A especialista lembra que o beijo na boca é uma forma de contato íntimo com quem escolhemos manter afeto. Assim, idealmente, os pais não precisam eleger a boca como um espaço de troca com os filhos quando existem outras opções igualmente ternas e simbólicas de amor, como o beijo no rosto, na testa, o abraço, o cafuné ou o gesto de dar as mãos. Para Malzyner, ensinar que eles têm autonomia sobre o próprio corpo é fundamental se queremos que eles se tornem indivíduos mais seguros e felizes. "Precisamos lembrar que o corpo é da criança, portanto é ela quem precisa aprender a arbitrar a forma como ela é tocada ou deixa de ser. Um dos elementos fundamentais da educação é autorizar que a criança possa arbitrar sobre o corpo dela, ou seja: poder dizer como ela quer ser tocada", completa.

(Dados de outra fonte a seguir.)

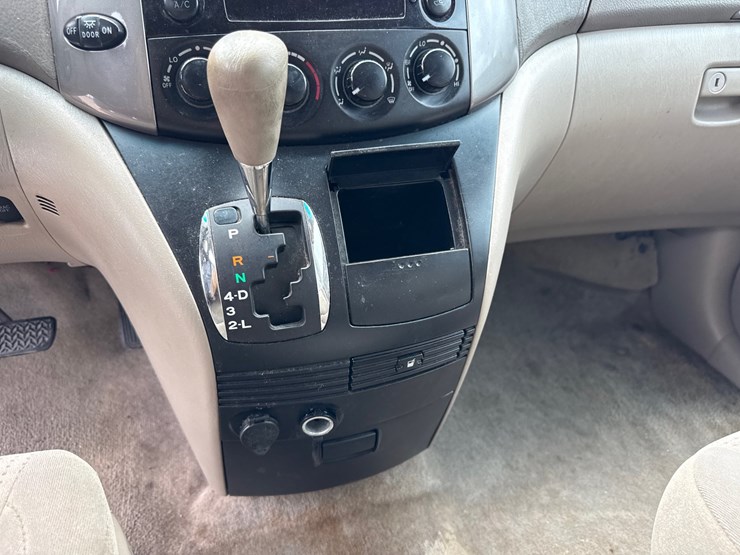 2009-toyota-sienna-image-25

Dou selinho na criança. E agora?
Mantenha a serenidade e lembre-se que essa escolha de manifestação de amor aconteceu com a melhor das intenções. Algumas famílias trocam selinhos para demonstrar afeto, mas os adultos sempre podem dar um passo atrás e se perguntar a que serve esse comportamento — ou para que serve.
Conversar com as crianças sobre como elas se sentem nessa dinâmica é uma alternativa razoável, porque muitas vezes o selinho passa a ser um constrangimento para filhos já crescidinhos. "Se deixa de ser adequado para pais ou filhos, o selinho pode e deve deixar de acontecer", ensina Malzyner.

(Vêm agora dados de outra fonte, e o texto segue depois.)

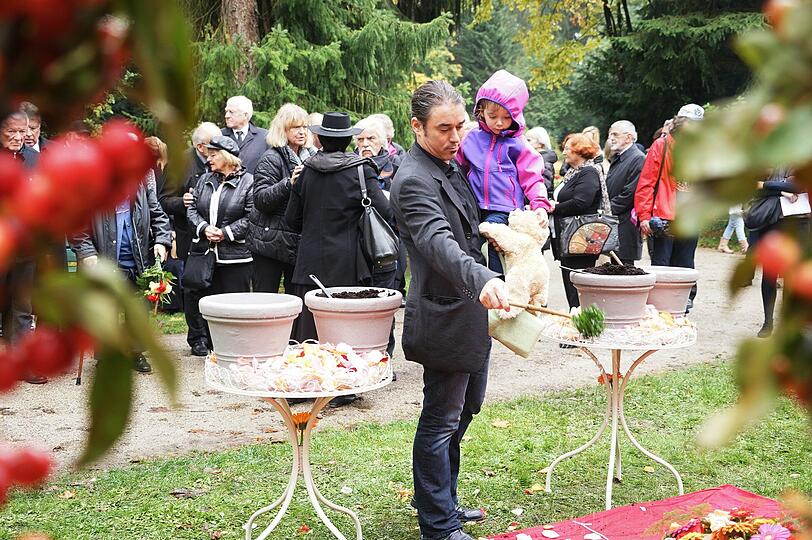Am Mittwoch wurde Ellis Kaut beerdigt: Die Bilder!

Um dos argumentos mais razoáveis para romper com esse tipo de contato íntimo é que muitas vezes a criança pode estar incomodada, mas não se sente confortável para frustrar o acordo da família. "As relações entre pais e filhos que trocam selinhos podem obviamente ser saudáveis a ponto de a criança poder manifestar que não deseja mais esse tipo de dinâmica afetiva, mas nem todos os filhos se sentem confortáveis para frustrar as expectativas dos pais, principalmente em uma idade precoce", destaca a especialista.
Para evitar pressões psicológicas, é importante abrir um canal de conversa com os filhos para que eles possam negar o acesso ao próprio corpo quando se sentem desconfortáveis em uma interação. Isso também protege os pequenos de contatos físicos incômodos em qualquer ambiente fora de casa. "A questão fundamental é produzir autonomia no sujeito para que ele possa dizer 'não'. Precisamos autorizar nossos filhos a dizerem quais espaços do próprio corpo podem ser acessado pelos pais ou por outras pessoas", completa Malzyner.
Na visão da especialista, o melhor jeito de ensinar autonomia é escutar a criança com carinho e mostrar que o consentimento dela é fundamental em qualquer circunstância — e que ela sempre pode e deve dizer como gosta e como não gosta de ser acessada (e acariciada) pelas pessoas. Atuando com amor e atenção, ninguém sai traumatizado da conversa.